© Andrew Davis 2019
A. DavisMastering Salesforce DevOps https://doi.org/10.1007/978-1-4842-5473-8_2

2. Salesforce

Andrew Davis1 
(1)
San Diego, CA, USA
 

It’s important to clarify what we mean by “Salesforce” in this book, since the company has grown by acquisition, and the techniques shared in this book do not apply to all of the products that now fall under the Salesforce brand.

What makes Salesforce different? How is DevOps done in the Salesforce world? What is Salesforce DX? And how does it facilitate DevOps on Salesforce?

“Salesforce” vs. Salesforce

Salesforce is a vast and growing company with a vast and growing suite of products. It’s a challenge even to keep up with the names of the various products that Salesforce releases or attains through acquisition.

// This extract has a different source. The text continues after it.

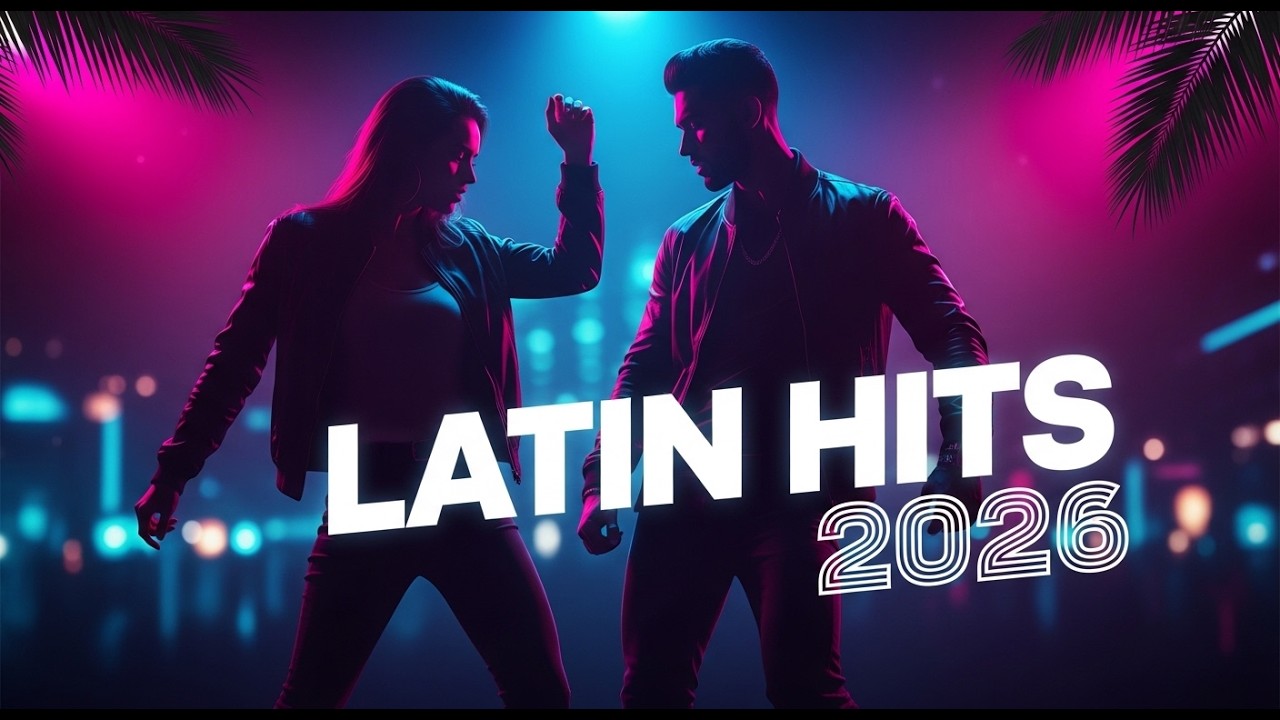 Reggae Latino Romántico 2026 🌴 Mix Relajante para Trabajar, Estudiar y Enamorarse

The focus of this book is on what’s known internally at Salesforce as “Salesforce Core.” Salesforce Core consists of Sales Cloud (the core CRM application), as well as Service Cloud (for customer support), Community Cloud (to create customer-facing web applications), and the Lightning Platform (previously known as Force.com). The first three of these constitute the SaaS part of Salesforce, while the Lightning Platform constitutes the PaaS component. All of these components of Salesforce Core work together seamlessly.

In the architecture of Salesforce, “Salesforce Core” is a massive, multi-gigabyte JAR file that is deployed across data centers and “Pods” around the world to allow secure multitenant access to customers via the Internet.

The “markitecture” of Salesforce (how Salesforce is presented externally by their marketing department) depicts a vast and cohesive range of other products such as Tableau, Heroku, Marketing Cloud, and Commerce Cloud, but these are all truly separate products, generally the result of acquisitions. Sharing data or functionality between these products and Salesforce Core requires some type of integration.

Although Salesforce is working hard to integrate these products in a way that is transparent to customers, these other products are developed and deployed in fundamentally different ways. For example, the methods of developing and deploying customizations to Marketing Cloud or Commerce Cloud are entirely different from the way customizations are developed and deployed to Salesforce Core.

Therefore, throughout this book, whenever we refer to “Salesforce,” we are referring either to the company itself or to this Core platform, and not to any of these other products.

How Is Salesforce Different?

As mentioned earlier, Salesforce provides both SaaS (Software as a Service) and a PaaS (Platform as a Service). By contrast, much of the focus elsewhere in the DevOps world is in moving from on-premise infrastructure to using IaaS (Infrastructure as a Service). Figure 2-1 shows an illustration of the differences between these four modes and how they represent progressive simplifications of what companies themselves have to manage.
../images/482403_1_En_2_Chapter/482403_1_En_2_Fig1_HTML.jpg
Figure 2-1

On-premise systems require you to manage all of the resources yourself. IaaS, PaaS, and SaaS delegate progressively

Managing the Salesforce development lifecycle requires a unique skillset and approach compared to most other platforms. You can say that the DevOps movement was jointly realized by both developers (working in traditional languages such as Java) and system admins or operators (working on traditional infrastructure such as servers and databases). There are thus a vast range of well-established tools and techniques in the DevOps world for developing and deploying code and for managing and updating infrastructure. Unfortunately, almost none of them can directly be used for Salesforce.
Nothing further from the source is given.